TASK → The answer must consist solely of the lines from the one containing "Girl in Bavarian" through the last line of the records, set down exactly and without any pictures.

(Crawled caption data)

== Segment start ==

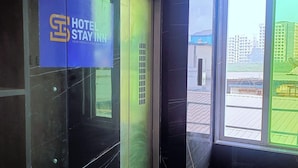 A hotel entrance with a glass door and a sign that reads "HOTEL STAY INN". - Hotel Stay Inn near Bhiwandi Thane Railway Station (Bhiwandi)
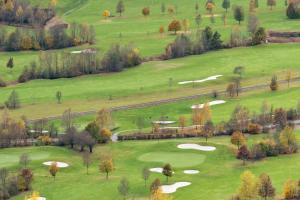 an aerial view of a golf course with green hills at My Chalet In Murau in Sankt Georgen ob Murau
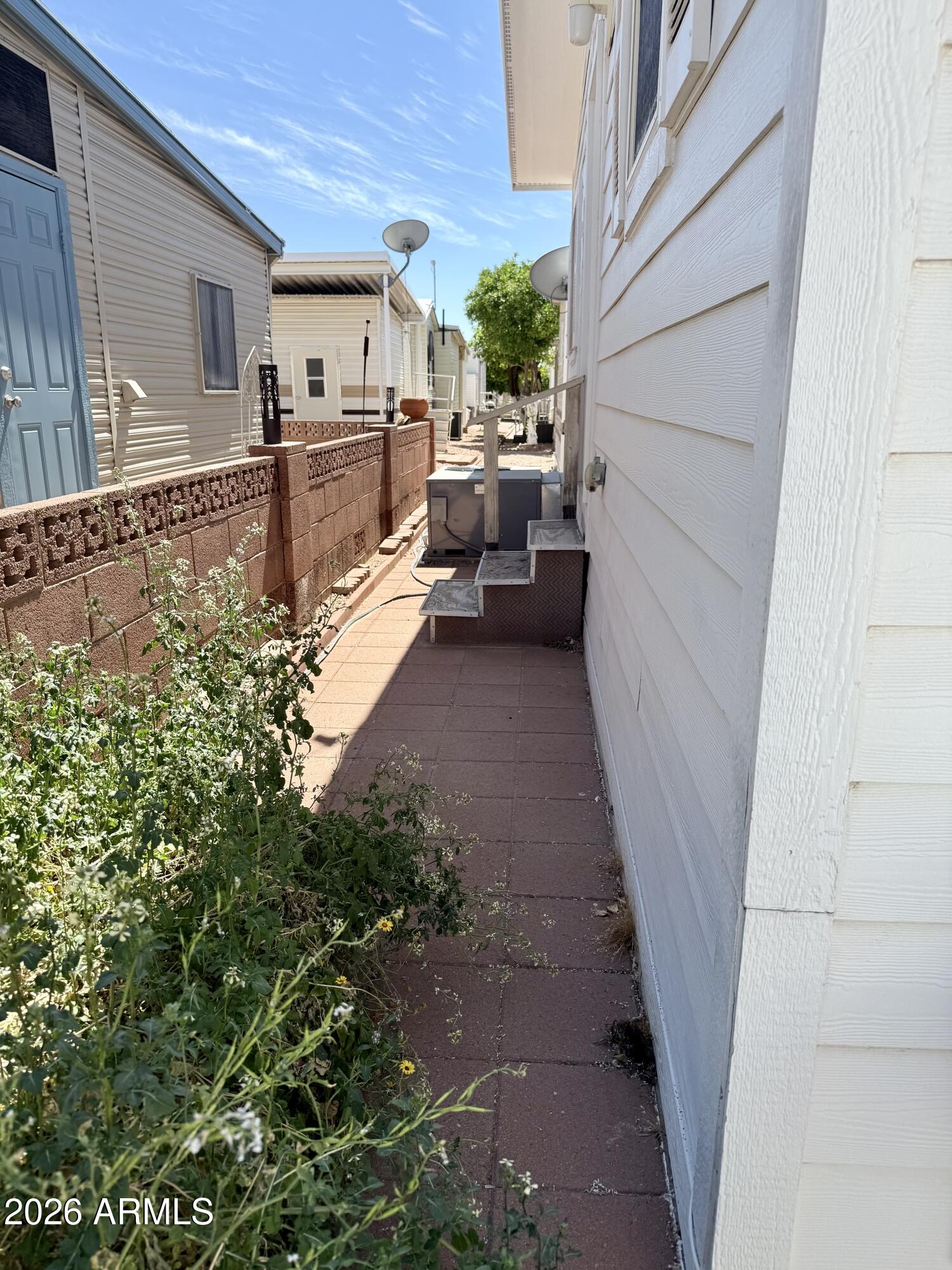 7750 East Broadway Road, Unit 197 Mesa, AZ 85208 - Photo 28 of 38 a view of a back yard of the house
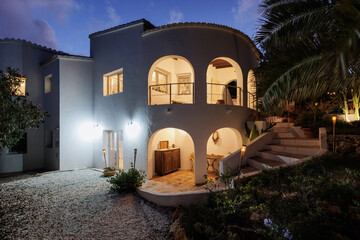 White villa at sunset, late evening, warm window lighting.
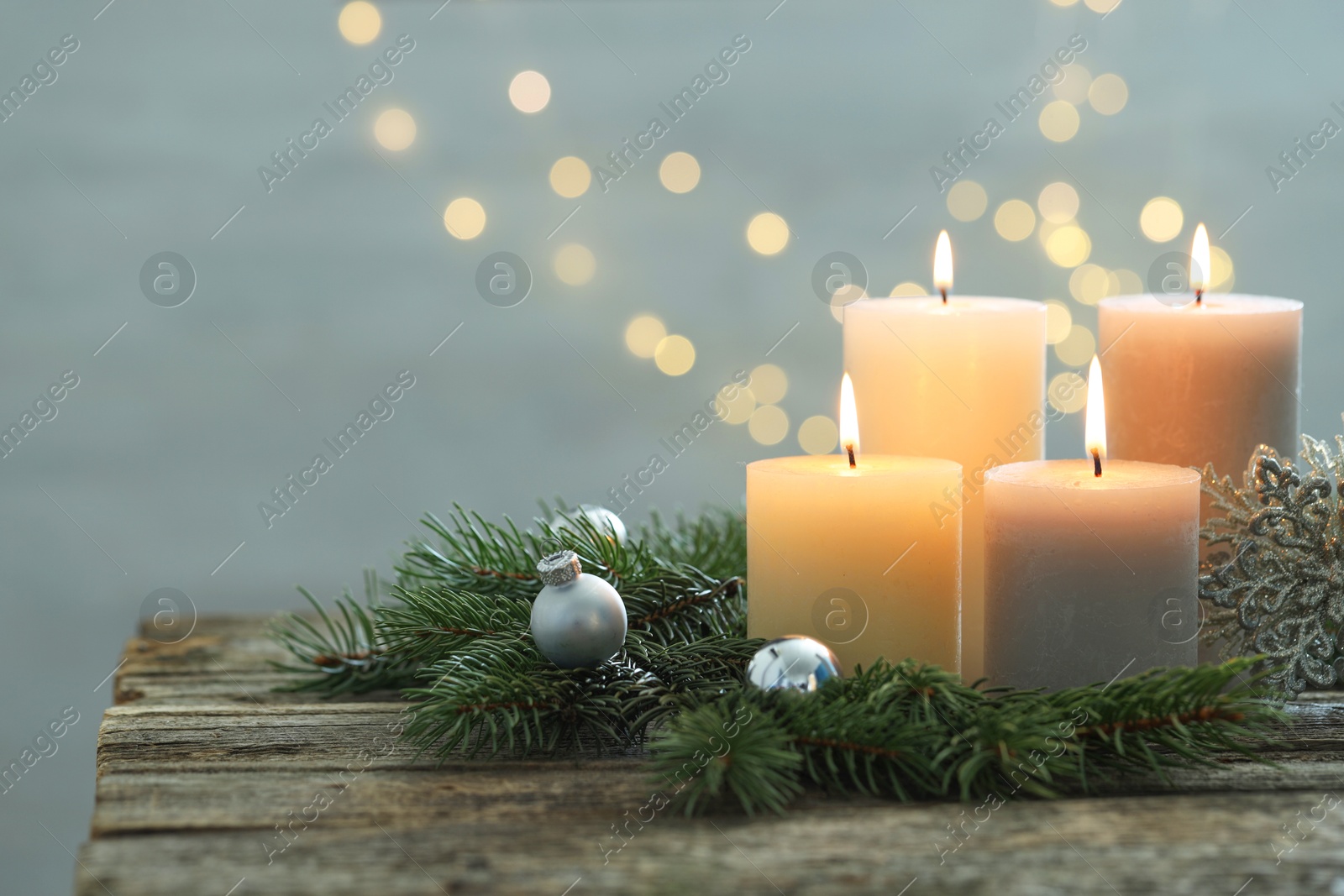 Photo of Burning candles, baubles and fir tree branches on wooden table, closeup. Space for text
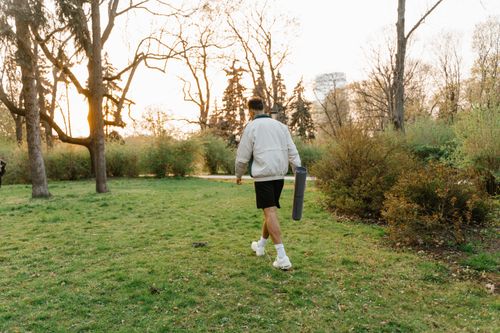 Free A person strolls through a park with a yoga mat, capturing the tranquil essence of nature at sunset. Stock Photo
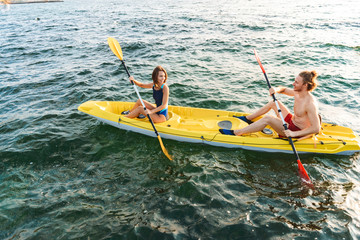 Sporty young couple kaying together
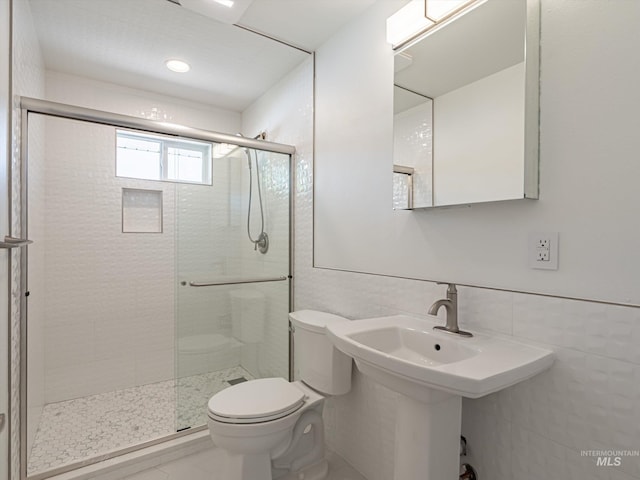 bathroom with toilet, tile walls, and a shower with shower door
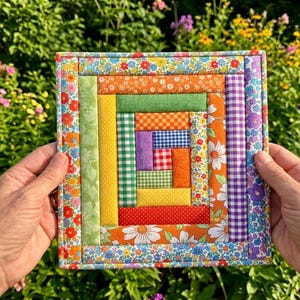 May include: A square fabric quilt block featuring a log cabin pattern constructed from various colorful cotton strips. The design incorporates floral, gingham, and polka dot prints in shades of orange, green, yellow, red, purple, and blue.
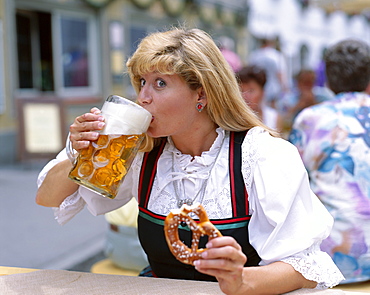 Girl in Bavarian costume drinking beer and eating pretzel, Rosenheim, Bavaria, Germany, Europe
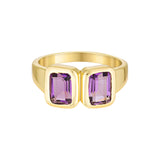 Gold ring with purple gemstones on a white background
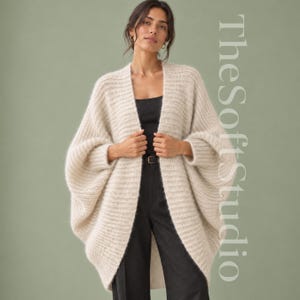 May include: An open-front, cream-coloured knit cardigan with a textured, ribbed pattern and wide, batwing-style sleeves. The garment is worn over a black top and black trousers. The text TheSoftStudio is visible on the right side of the image.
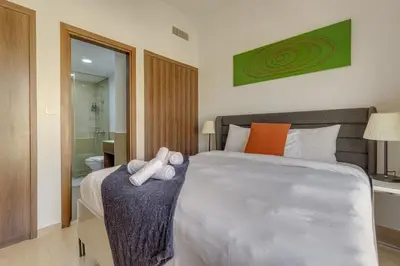 a bedroom with a large bed with towels on it at Remraam, 1 Bedroom in Al Ramth 11 - Allsopp & Allsopp in Dubai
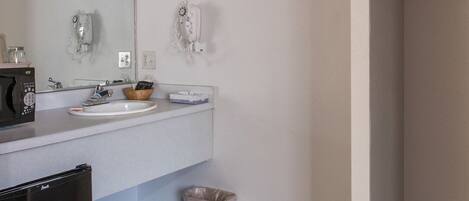 A bathroom with a white sink, a mirror, a hairdryer, and a trash bin.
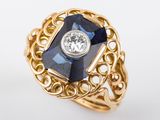 une photo d'une bague en or sertie d'une pierre bleue et d'un diamant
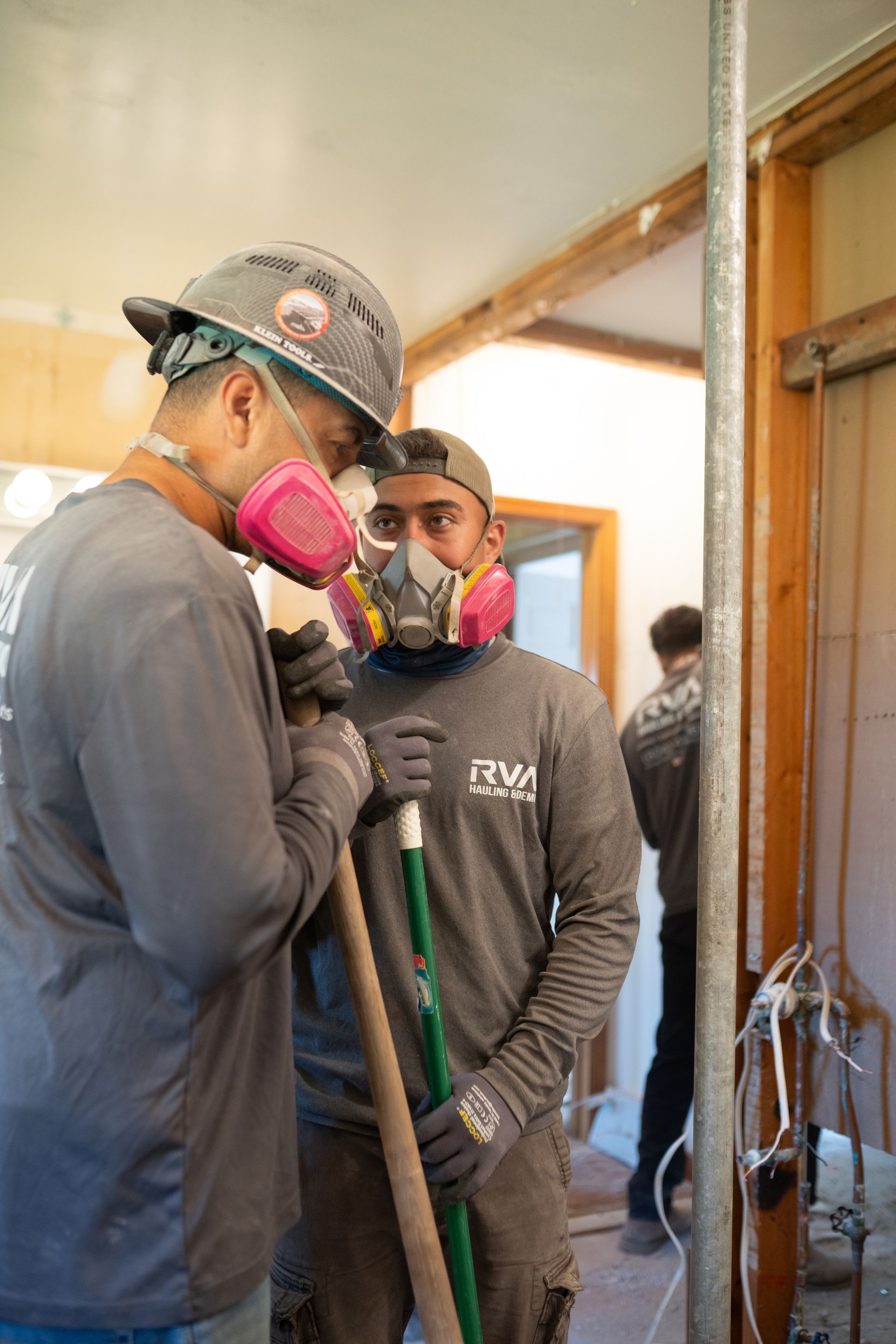 Two workers in hard hats and respirators stand inside a building under construction.
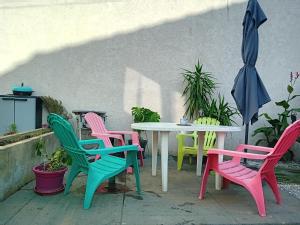 a table with colorful chairs and an umbrella at une maison en ville in Saint-Denis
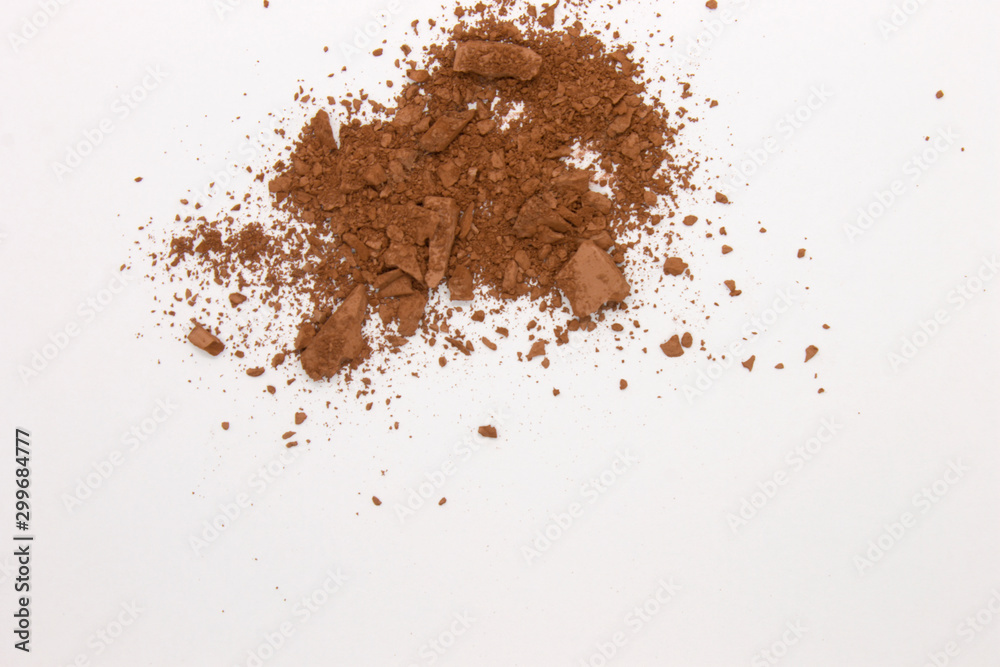 This is a photograph of a Matte Brown Powder Eyeshadow isolated on a White Background This is a photograph of a Matte Brown Powder Eyeshadow isolated on a White Background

== Segment end ==

TASK ANSWER →
 Girl in Bavarian costume drinking beer and eating pretzel, Rosenheim, Bavaria, Germany, Europe
 Gold ring with purple gemstones on a white background
 May include: An open-front, cream-coloured knit cardigan with a textured, ribbed pattern and wide, batwing-style sleeves. The garment is worn over a black top and black trousers. The text TheSoftStudio is visible on the right side of the image.
 a bedroom with a large bed with towels on it at Remraam, 1 Bedroom in Al Ramth 11 - Allsopp & Allsopp in Dubai
 A bathroom with a white sink, a mirror, a hairdryer, and a trash bin.
 une photo d'une bague en or sertie d'une pierre bleue et d'un diamant
 Two workers in hard hats and respirators stand inside a building under construction.
 a table with colorful chairs and an umbrella at une maison en ville in Saint-Denis
 This is a photograph of a Matte Brown Powder Eyeshadow isolated on a White Background This is a photograph of a Matte Brown Powder Eyeshadow isolated on a White Background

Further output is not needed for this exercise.